The critics seemed to turn against Mad Men for the first time in season six.  Was it repeating itself?  Was it not moving forward?  Was the magic gone?  But the show finally settled into a groove and thing started paying off.  And now after the final episode, "In Care Of," the season is even being called one of its best.

Mad Men, even at its weakest, has always been fascinating.  But the last few episodes have been strong and, I think, there are just enough variations still to be played that one more season will cap it off.

The show ended the season with its three main character at crossroads.
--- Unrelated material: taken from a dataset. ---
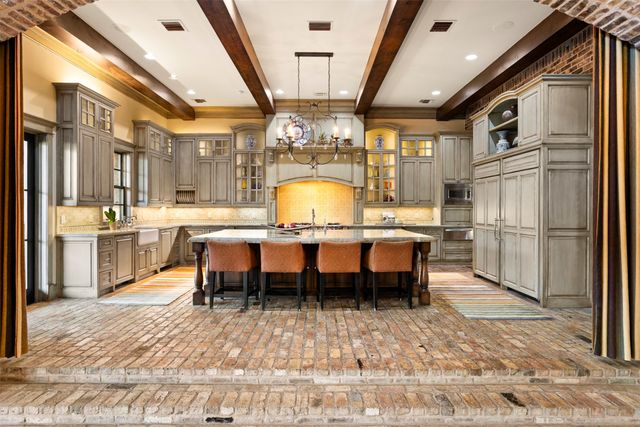 1096 Roadrunner Road, Bartonville, TX 76226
First there's Pete, almost a figure of fun.  He's outmaneuvered by his new nemesis, Bob Benson, and loses his place in the Detroit account.  So he ends up going off to the new California branch. Siberia, yes, but perhaps a chance to find himself, now that he's lost everything (as his wife Trudy reminds him in a speech that's too knowing).  His mother also seems to have been murdered, but he takes it pretty well.

Poor Peggy has the toughest time of it, as she has no say in anything.  She lost one lover and was ready to go on to the next--Ted.  He seemed ready, too. Until he took the idea (from Don, who took it from Stan) that he had to leave for California just to get away.  He so strongly attracted to Peggy that he has to do it to save his family. (Ted's back-and-forth this season has been confusing, especially as he's essentially a new character and it's hard to get a bead on him).  So, like Pete, she's lost everything, except, as always, her career is going up and up--she ends the show in Don's office, and we get the iconic Mad Men shot from behind, but now it's Peggy.
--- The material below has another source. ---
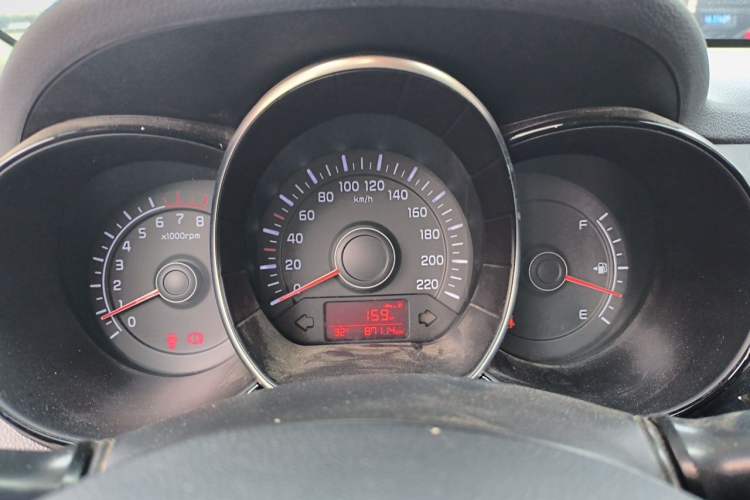 Used Kia K2 2015 Sedan 1.4L MT GLS Instrument Cluster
Then there's Don, whose ongoing crisis came to a head.  He's had it tough this year with Megan, and then Sally catching him in the act, and has lately been living in a bottle.  At the pitch meeting, we first see the Don of old--spinning a tale and killing it with Hershey's.  Even his colleagues beam at how masterful he is.  Then he has a breakdown (or breakthrough) and needs to tell his clients the truth--about how he was raised in a whorehouse and how much Hershey's meant to him then. Much of this episode had callbacks to the beginning, and this was the biggest--a dark version of his first-season Carousel pitch. Then, he dug deep into his life to sell something, now he used it to sabotage his career.
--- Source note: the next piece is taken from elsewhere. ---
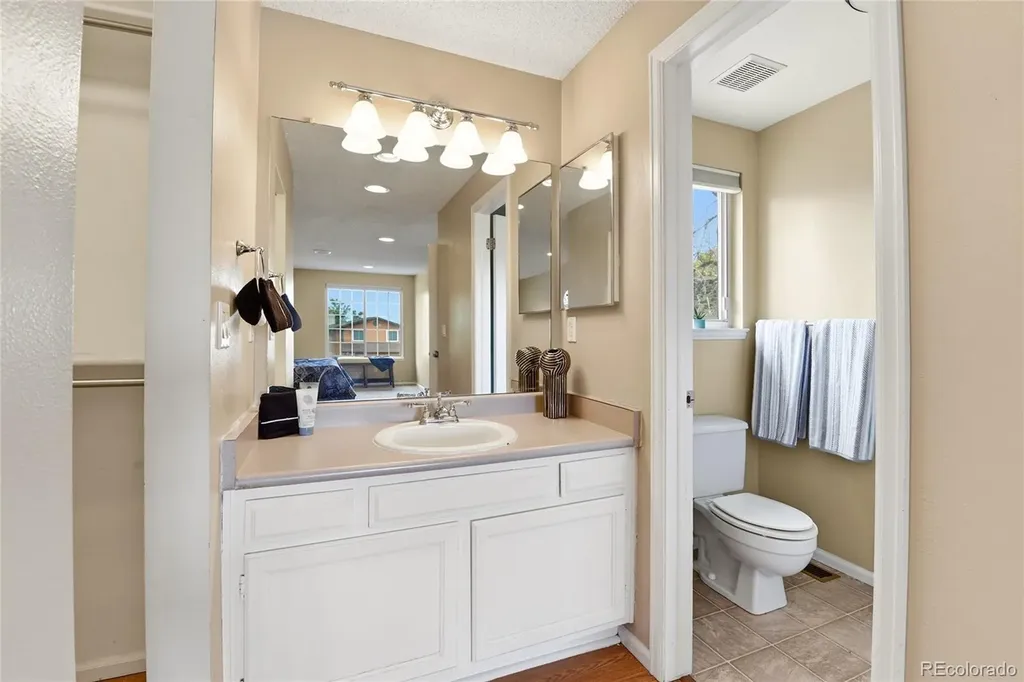 4108 S Andes Way Aurora CO 80013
Don had been ready to go to California with Megan and start over, but had decided instead to stay and face his fears (or avoid them and drink more--who knows with Don?).  But Sterling Cooper could only take so much of his erratic behavior, and, in the episode's big moment, Don gets the Freddy Rumsen treatment.  He'll be on indefinite leave--he even gets to see headhunter Duck on his way out.  And with Megan still going West, Betty unsure of herself and Sally not sure what to make of him, he could go in any direction.

The others had their stories, especially Roger, who's sharing in his new son's life (but not Joan's) while cutting off his grown kids.  But, by and large, most of the other main characters weren't well served this season.  Kenny seemed almost an afterthought, and he ended up back with his family, playing it safe.  Joan didn't have nearly enough to do (though, like Roger, I'm not thrilled she's with Bob).  Betty hardly seems in the series any more (fine by me).  And Harry, one of my favorite characters, simply pops in now and again for comic relief.

For that matter, Stan, who at least stood up for himself, seems to be going nowhere (anyway, he had no chance of getting to the promised land of California) while Ginsberg, who last season was doing most of the company's work, is practically AWOL. Meanwhile, Ted and the gang (especially the wonderful Harry Hamlin as Jim Cutler) provided a new dynamic--which was essentially an unstable nucleus that was bound to blow apart. And now it has, with the characters scattered all over.  Which leads us to wonder how they'll tie this all together in season seven.


Anonymous Anonymous said...

How about the anachronistic use of the term "bicoastal"?